Em alguns casos são, mas em muito poucos. Esse trabalho foi feito pela AFIA para tentarmos perceber porquê. Uma das coisas que é importante é saber a razão para ficarmos de fora. Ninguém gosta de perder, não é? Se em vez de me comprar a mim, vão comprar ao meu vizinho, vou querer perceber porque é que o meu vizinho foi melhor do que eu. Este é um processo também de aprendizagem, de aprendermos a ser mais competitivos. Nalguns casos fomos preteridos por questões, provavelmente técnicas, noutros por questões de preço e noutros casos por questões de localização e de terem um conhecimento [prévio] sobre a empresa. Agora, nós estamos prontos para dar a conhecer o potencial que a indústria portuguesa tem, que estas empresas têm, darmos a conhecer esse potencial para podermos fazer parte do grupo de fornecedores que contribui.
Há também um desafio de futuro que já se vem assistindo em muitas fábricas, e a própria Autoeuropa também se está a preparar para isso, que tem a ver com a eletrificação do mundo automóvel. Têm discutido isso com a Autoeuropa, até como uma preocupação de poderem vir a ser fornecedores de novas peças e até nessa perspetiva do investimento e da formação que têm de dar a todas as empresas?
Nós não discutimos isso com a Autoeuropa. Nós apresentamos isso com humildade a todos os clientes. A parte da digitalização e da robotização é incontornável e, portanto, isso faz parte, é básico. Mas repare, este ano, as vendas da indústria automóvel de componentes em Portugal tem crescido 20%. Significa que estamos quer em novos modelos que estão a ser produzidos, quer nos antigos. Esta é uma discussão que fazemos todos os dias entre nós, porque quando o cliente vem ter connosco, não vem perguntar o que é que eu penso do futuro. Vem-me dizer assim: é capaz de fazer isto? E eu tenho de dizer que sou capaz e tenho competências internas para o fazer. Quer dizer, nós somos capazes de dizer que o futuro vai ter novas peças, com novas tecnologias, com novos materiais, que vai desde a estrutura ao software e nós somos capazes de produzir.
Há o perigo de, na espuma dos dias, a tecnologia substituir a mão-de-obra humana? Tem acautelado esta questão?
A intensidade de mão-de-obra é uma coisa que já abandonámos há algum tempo, porque se quisermos estar nas cadeias de valor neste processo, temos de vencer pela tecnologia, temos de ser competitivos a trazer a tecnologia.

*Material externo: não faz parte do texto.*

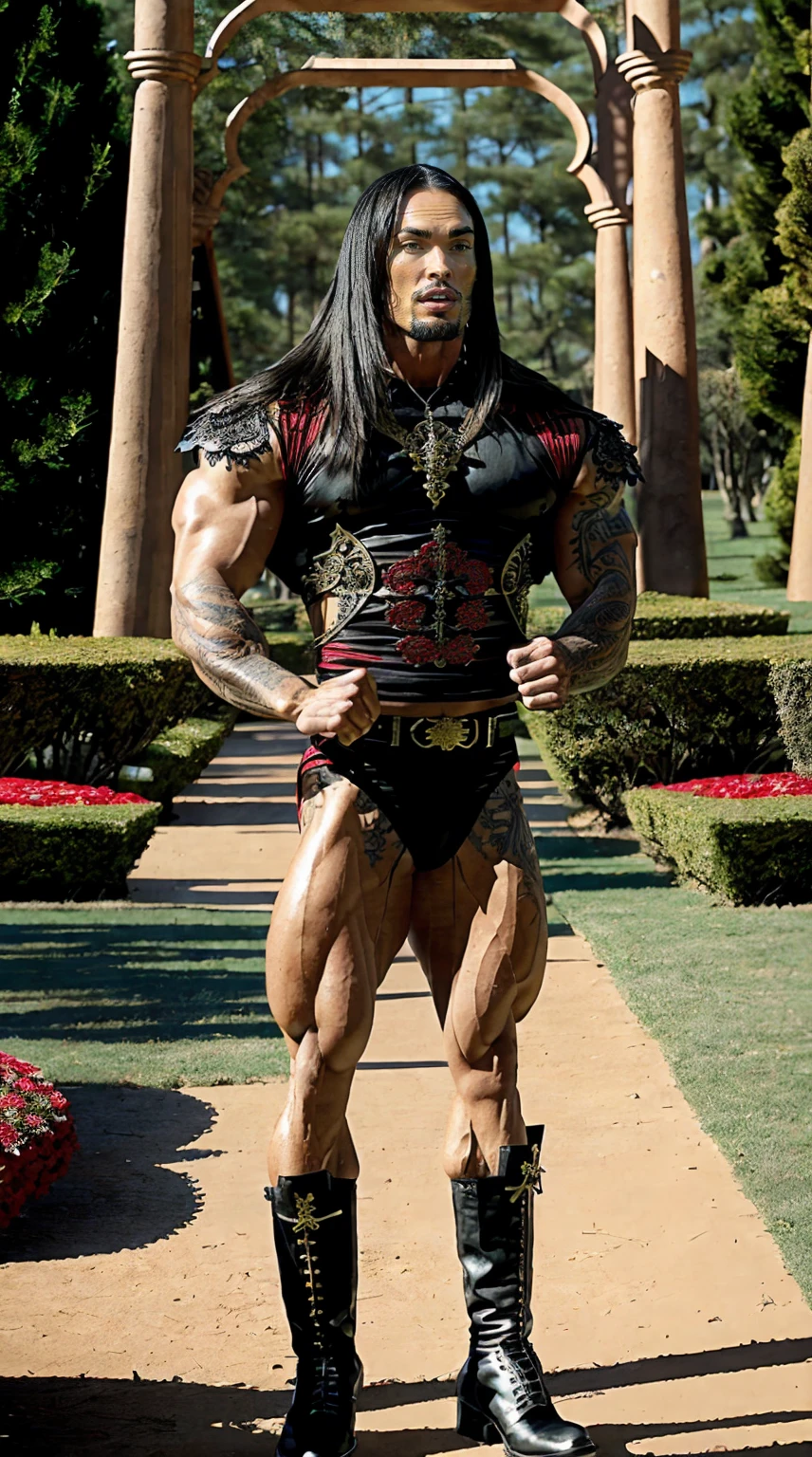 (megan fox:1.25), (muscular:1.5), (full body view:1.25), (red and black colors:1.46), (woman:1.1),(very muscular bodybuilder girl:1.25), (huge upper body:1.25), (narrow hips:1.0), long hair, (gothic intricate ornate vampiric armor:1.25), (gauntlets:1.0), (shoulder armor:1.1), ((tarot style frame:1.25)), (glowing red eyes:1.25), (huge muscular arms:1.5,), (10-pack abs:1.4), (lots of veins:1.25), (horror:1.0), (esoteric:1.1), (solo:1.4), (dynamic angle:1.0), (cowboy shot:1.0), thin legs, Realistic, Very detailed face and eyes, (masterpiece:1.1), (best quality:1.1), (ornate:1.1), (beautiful girl face:1.25)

A questão é que temos 63 mil trabalhadores em 350 empresas na indústria automóvel e o nível de qualificação deles é muito mais alto do que o normal, porque há uma necessidade permanente de formação, de capacitação dos trabalhadores.
E há uma ameaça da fuga…
É evidente que se tivermos uma empresa ali ao lado que reconheça estas capacidades, provavelmente vem buscar pessoas. Portanto, esta necessidade da permanente formação é importante. E não se tem demonstrado que nós temos diminuído o número de trabalhadores. Há tarefas que serão substituídas, mas temos de criar também outras, outros trabalhos, outras necessidades internas para novos trabalhadores.
Tem falado frequentemente da questão da oportunidade. Acredita mesmo que todas as dificuldades geram oportunidades?
Acredito seriamente nisso. Nem é a palavra resiliência, mas a indústria automóvel tem demonstrado esta capacidade de se reinventar. Há bem pouco tempo eu estava muito preocupado em saber se tínhamos capacidade para estar no novo produto do automóvel. Saber se éramos capazes de responder aos desafios do novo produto. E o que é verdade é esta resposta do crescimento das exportações e das vendas em Portugal… no ano passado crescemos para 13 B [mil milhões de euros] de faturação. O que representou? Um aumento de 14% nas vendas. Foi um recorde. E este ano também estamos a crescer a dois dígitos.